Apple seems to be latching onto the idea users need to run ML on their consumptive devices, as opposed the cloud, and I don’t believe it. I think you agree. Yet in my opinion, if anything they want the appearance of that necessity, as expressed in loss of efficiency and battery life for older devices to sell new ones.
By "ML" you really mean "neural networks", and ML is like Bitcoin - there's still no good business use for them, even after all these years.

(Business probably just wants Bayesian inference instead, but that's too hard, let's go hardware shopping instead.)

As someone who works in crypto[1] but used to work in ML your comments about neural network based ML coudn't be further from the truth.

Many businesses are seeing real, measurable impacts from NN based software that would be impossible without it.

[1] agree with your comment, not much real business use for it, but I wanted to work in it to be sure

> Many businesses are seeing real, measurable impacts from NN based software that would be impossible without it.

Citation needed. Decision trees are still state of the art.

Um wow.

How do you do anything vision related with decision trees? Or anything beyond n-grams with text?

But here's some citations as requested:

https://casetext.com/blog/game-changing-ai-litigators/

https://www.ncbi.nlm.nih.gov/pmc/articles/PMC6512995/

https://possibility.teledyneimaging.com/advances-in-ai-for-i...

https://www.skinvision.com/

https://www.lifewhisperer.com/

etc

(I'm pointing at these particular fields because I personally have worked on NNs in applications in these fields, but there are plenty more)

I don't understand this comment.

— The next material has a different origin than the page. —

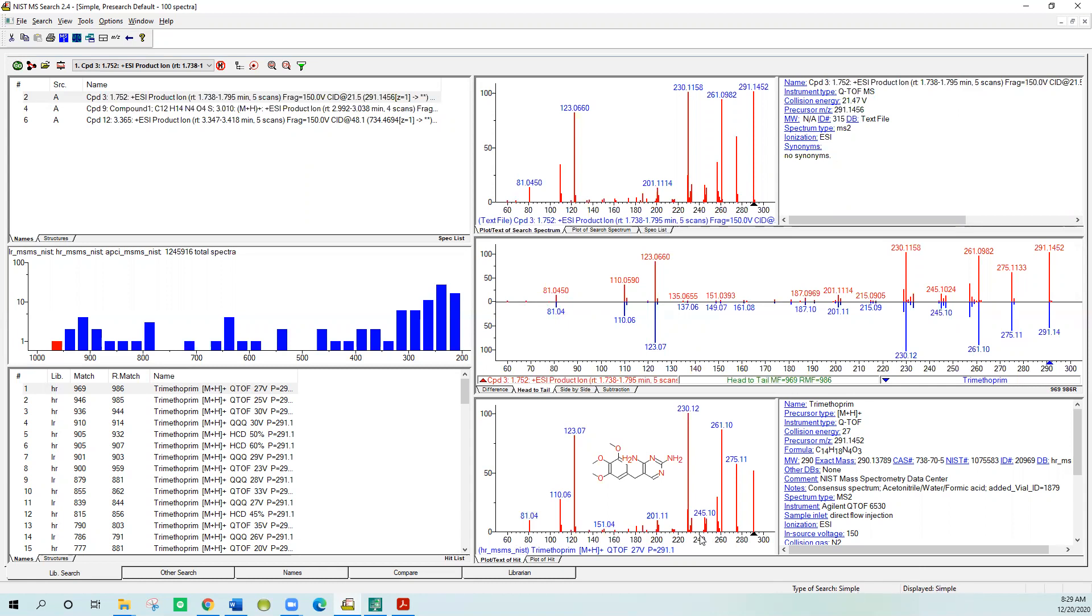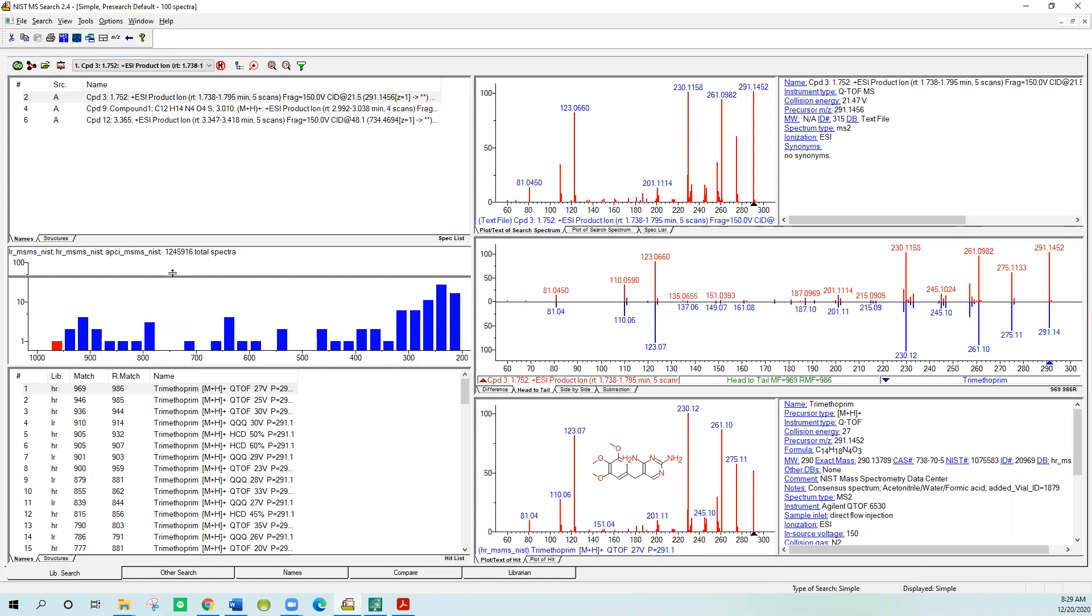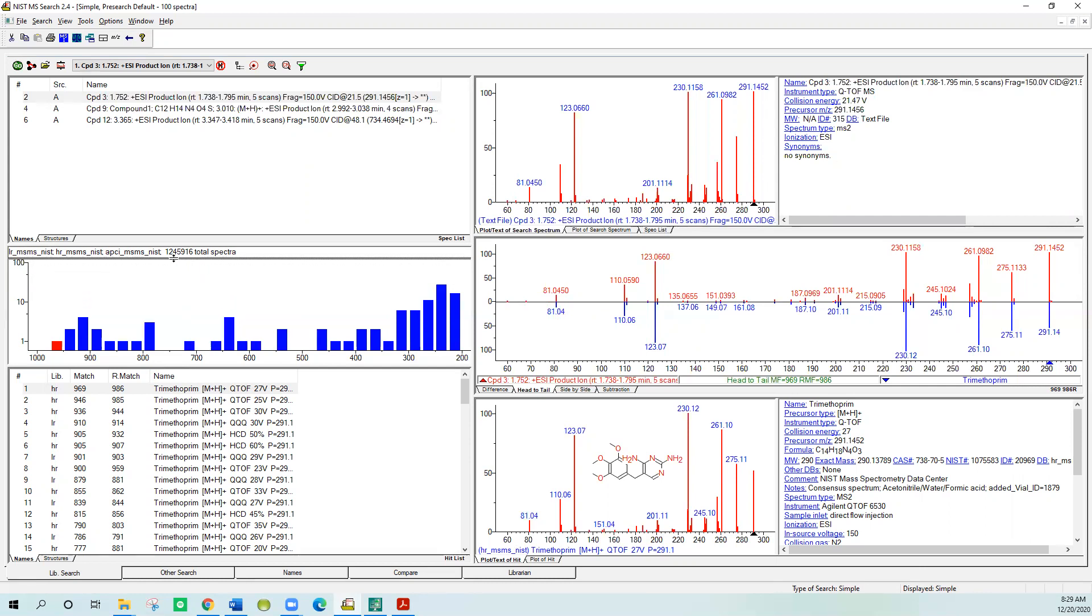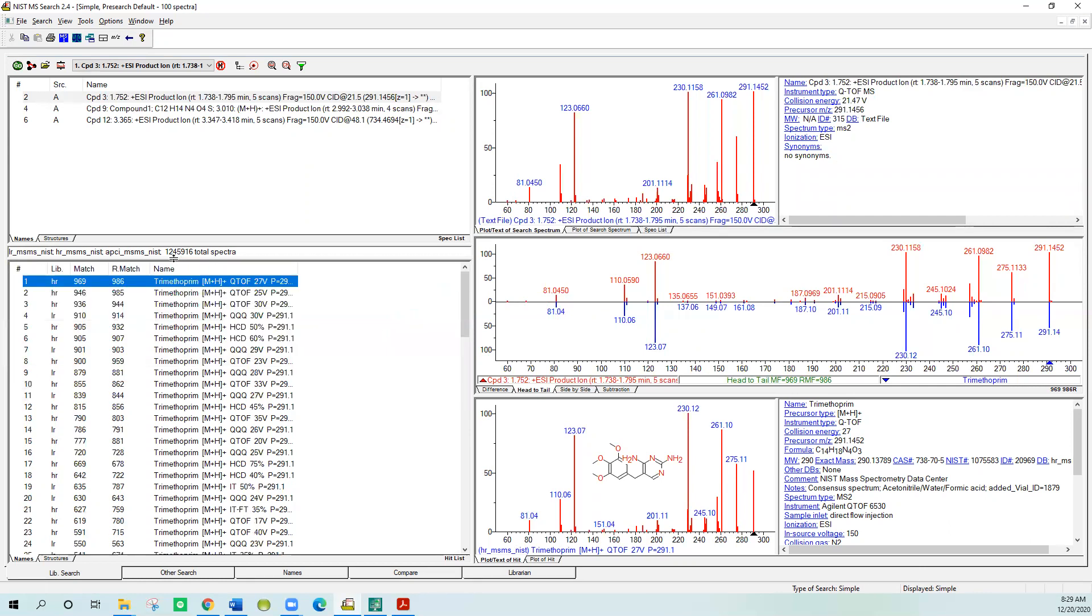It also tells you down at the bottom what type of search we're doing: a simple peak matching search. And this is what was run this time. So it tells you a lot of things. In the middle bar here shows you which libraries it searched: the low resolution NIST, the high resolution NIST, and the APCI NIST. Those are the three libraries that come with the NIST search software in version 2020. Also, I don't care much for the histogram, so I'll push this up out of the way. I've just grabbed it with my left mouse button. You can always refine any of these, and we talked about that in session one.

ANNs are being used everywhere - image recognition, voice recognition, document classification... I can only see this use increasing for the foreseeable future.
> there's still no good business use for them, even after all these years.

aside from fraud detection, autonomous vehicles, language translation, facial recognition, voice preproduction and market insights of course

Google spends a lot of money on ML. Are they idiots who throw away money?
Google kills tons of very expensive projects. Facebook spends a lot on their Metaverse, but that doesn’t make it good. Tons of companies spend on terrible ideas.

They only difference with Google or Facebook is that they’re big enough to absorb the losses.

This isn’t to say that ML is a dead end, but instead to point out thatjust because they are investing a lot doesn’t make it good.

Well, Google and Apple are also putting ML specific processors into their phones.
Quite often, yes.

ML is unlikely to be one of those places, but appealing to the efficiency of large, bureaucratic companies is a poor argument.